The International Registry of Acute Aortic Dissection (IRAD): new insights into an old disease
Hagan, Peter G., et al. “The International Registry of Acute Aortic Dissection (IRAD): new insights into an old disease.” Jama 283.7 (2000): 897-903.
Published in 2000, IRAD was the first big look at characterizing Acute Aortic Dissection as a disease. It was a case series among 12 international referral centers across 6 different countries. 464 Patients were retrospectively enrolled in the study between 1996-1998 after diagnosis had been confirmed. The purpose of this registry was to answer several important general characteristics about Acute Aortic Dissection: Who are the patients presenting with disease, how are these patients presenting, how is the diagnosis being made, how are these patients being managed, and what are their outcomes.
Almost two-thirds (63%) of the patients in the study were male. An overwhelming majority (83%) were white. In terms of patient history, 72% of patients had a history of hypertension, 18% had recent cardiac surgery, and 5% had Marfan syndrome.

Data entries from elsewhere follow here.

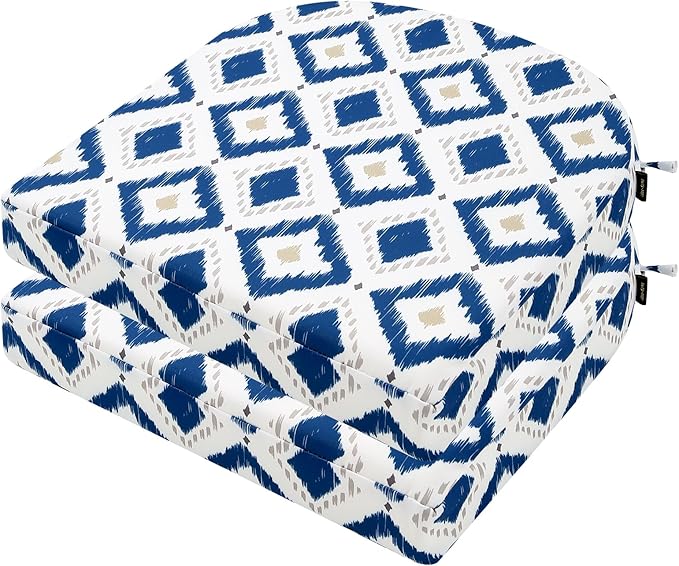 idee-home Outdoor Chair Cushions Set of 2, Thick 17" x 17" x 3" Outdoor Seat Cushions Patio Furniture Waterproof with Ties, Dining Pads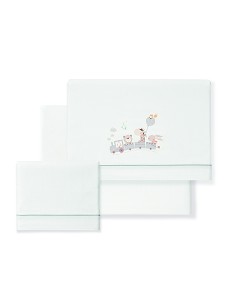 Triptico Minicuna 100% Algodon Mod. Jirafa Tren Bco/Gris
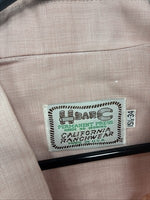 New Men’s H Bar C Pink Simple Long Sleeve Pearl Snap 15.5 Medium M-22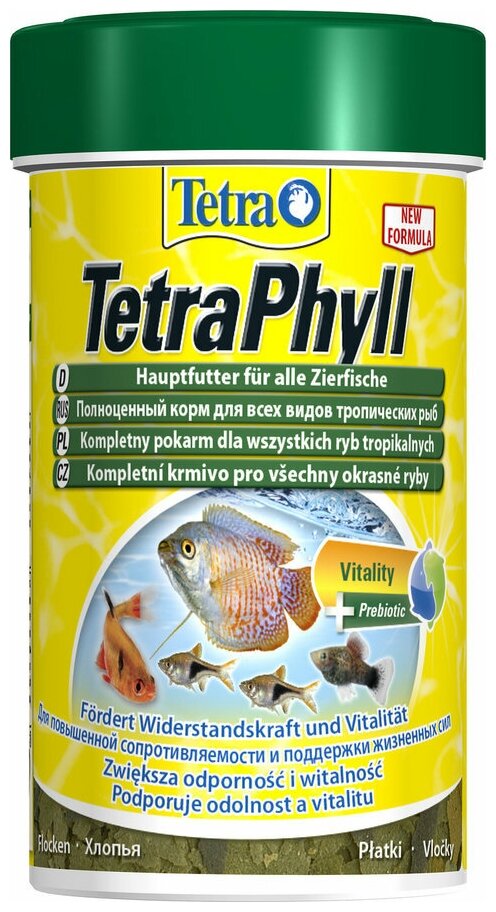 TetraPhyll корм для всех видов рыб растительные хлопья 100 мл - фотография № 1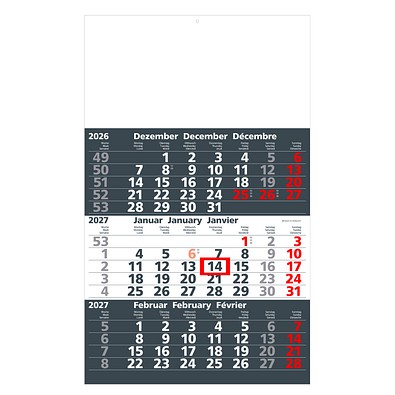 Werbe-Set: 150 Wandkalender 2026, inkl. Druck, dunkelgrau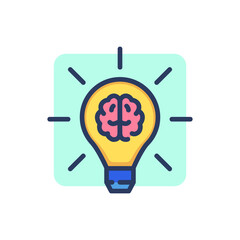 Idea thin line icon. Shining bulb, brain, smart lightbulb. Artificial intelligence concept. Vector illustration symbol element for web design and apps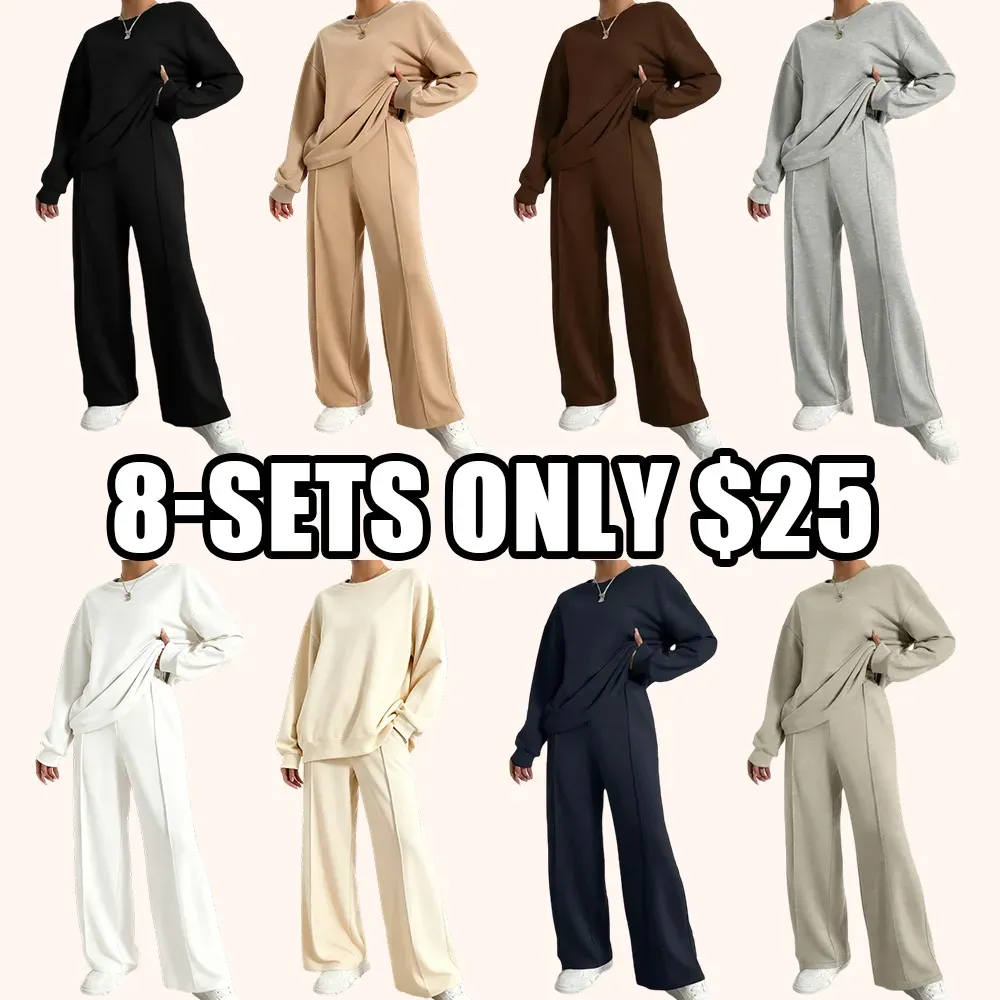 Women's Solid 2-Piece Set: Drop Shoulder Sweatshirt + Elastic Waist Pa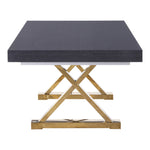 Excel 84" / 123.5" Lacquer Finish Top And Stainless Steel Base Extendable 2 Leaf Extendable Dining Table (3 Boxes) in Grey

Things get interesting when we look at how the patients presented. The most common symptomatic complaints were abrupt (85%) chest pain (72%). This pain was most commonly described as sharp (65%) as opposed to tearing or ripping (50%). Around 9% of patients had syncopized. In terms of physical exam, half the patients (49%) were found to be hypertensive, while a third were normotensive (34%) and the rest were hypotensive.
Classic physical exam findings were notably absent, with only 32% presenting with aortic regurgitation murmur, and only 15% having a noted pulse deficit. From a diagnostic perspective, chest radiography was noted to have widened mediastinum in only 62% of cases, and ECG was completely normal in 31% of cases. Most cases were diagnosed either by CT (61%) or echocardiogram (33%).

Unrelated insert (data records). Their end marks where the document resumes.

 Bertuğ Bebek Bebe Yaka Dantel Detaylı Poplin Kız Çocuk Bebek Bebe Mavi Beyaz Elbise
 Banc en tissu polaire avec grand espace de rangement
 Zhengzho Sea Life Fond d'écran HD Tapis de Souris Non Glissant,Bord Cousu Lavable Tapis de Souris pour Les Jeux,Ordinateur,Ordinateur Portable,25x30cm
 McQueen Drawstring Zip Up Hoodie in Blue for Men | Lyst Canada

What were the patient outcomes? Patients with Type A dissection had a mortality of 26% when managed surgically vs 58% when managed medically. Type B dissection had a mortality of 31% when managed surgically vs 11% when managed medically.
Acute Aortic Dissection is a deadly disease with a wide array of presentations. The classic presentation of tearing chest pain radiating to the back is surprisingly uncommon. So are classic physical and diagnostic findings including murmurs, pulse deficits, and widened mediastinum on radiography. As clinicians we have to maintain a high index of suspicion for this scary disease, regardless of normal vital signs. Keep a particular eye out for patients with a history of hypertension with sharp, abrupt onset of pain (chest, abdomen, or back) without an EKG suggestive of ACS.